鍋の底からお玉を引き上げる。カレーの色をした半透明な牛すじ肉の固まりが、ごろごろと湧き出して……こない。鍋からカレーをあふれさせながら混ぜてみても、牛すじ肉は一向に現れない。代わりに浮き上がってきたのは、白くぷりぷりとした鶏肉だった。
メニュー
・チキン・ガーリック・カレー
鶏肉、玉ねぎ、にんじん、じゃがいも、ニンニク
・酢の物
タコ、ワカメ、きゅうり
・サラダ
生:ミニトマト、春キャベツ 茹で:ブロッコリー、アスパラガス、ほうれん草
ごはんとカレーを皿によそって食卓に運んだ。牛すじカレーを期待していたから、一瞬がっかりしたけど、よく見たらこれはこれで、すごくおいしそうだ。
他の具材は形がわからなくなるほど煮込まれているのに、鶏肉だけは形をとどめていてみずみずしい。
福神漬けが合うように、カレーの付け合わせとして酢の物もぴったりだろう。
さあ、食べよう! とスプーンに手を伸ばすと、向かいの席でテレビを見ていたおばあが立ち上がり、台所に向かっていった。冷蔵庫を開け閉めする音がする。
戻ってきたおばあは、透明な円筒の容器を抱えていた。それを無言でテーブルに置く。中で積み重なっているのは、スーパーでは見かけたことがないほど大ぶりのらっきょうだ。おばあの故郷、愛媛の山村の親戚が、自家製のやつを送ってくれたのかもしれない。
おばあは僕に腹を立てていても、料理へのプライドは失っていない。自分がつくったカレーを最高な状態で食べてもらいたいのだ。酢の物だけでなく、このらっきょうも付け合わせにして食べることで、さらにカレーがおいしく味わえるのに違いない。
容器に刺さっていたスプーンでらっきょうをすくい、
ごはんの上に乗せた。
僕はスプーンを持ちかえると、真っ先に一番大きな鶏肉に狙いを定めてすくい取った。いつものようにルウは、規定量よりも多めに入れているらしく、スプーンの上でぷるぷる震えるほどとろみが強い。

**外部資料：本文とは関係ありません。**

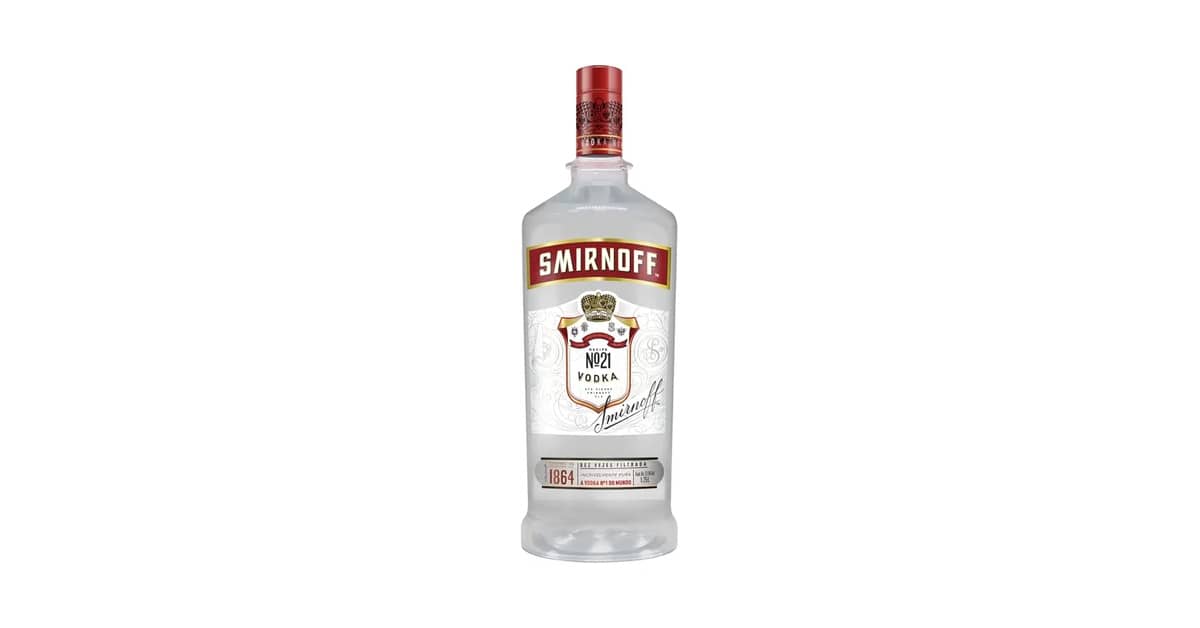 Melhor Vodka para Drink: Qual a Sua Escolha Perfeita?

口に入れて噛むと、鶏肉の柔らかな食感が心地いい。カレーとニンニクの濃い味が、あっさりとした鶏肉にからんでいる。大量のニンニクは、味の強い牛すじよりも鶏肉に合うのかもしれない。おばあはそこまで考えて、今晩のカレーをつくったのか!?
どうせ何を聞いても、おばあは口をきいてくれないだろう。ただ、一口食べて確実にわかったことがある。僕はこのカレーを絶対、お代わりする! 前かがみになって、カレーの皿を引き寄せる。テーブルの向かい側にちらりと目を向けると、おばあは相変わらずそ知らぬ様子でテレビを見ていた。